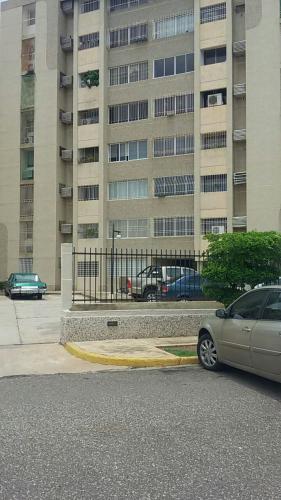 Apartamento Venta Maracaibo La Paragua Zona Norte 06DIC
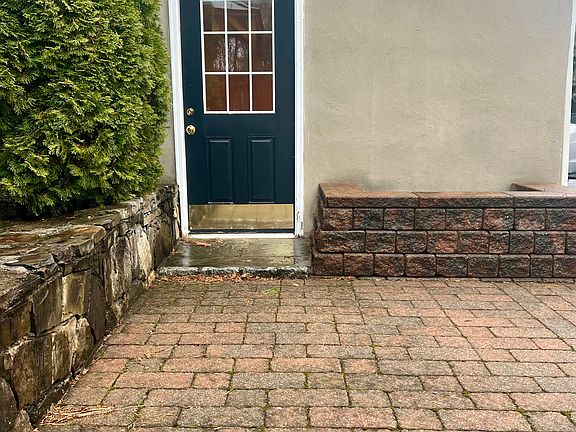 2nd image of (Undisclosed Address)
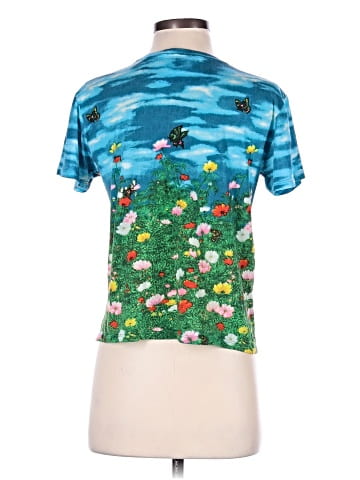 Gucci Short Sleeve T-Shirt (view 2)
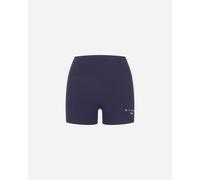 Puma Hyrox Shapeluxe 3in W - Short Training - Donna - Viola XS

# [DIRECTIONS]
Skip the pictures, then retype every line above exactly.

# [TASK RESULT]
 Apartamento Venta Maracaibo La Paragua Zona Norte 06DIC
 2nd image of (Undisclosed Address)
 Gucci Short Sleeve T-Shirt (view 2)
 Puma Hyrox Shapeluxe 3in W - Short Training - Donna - Viola XS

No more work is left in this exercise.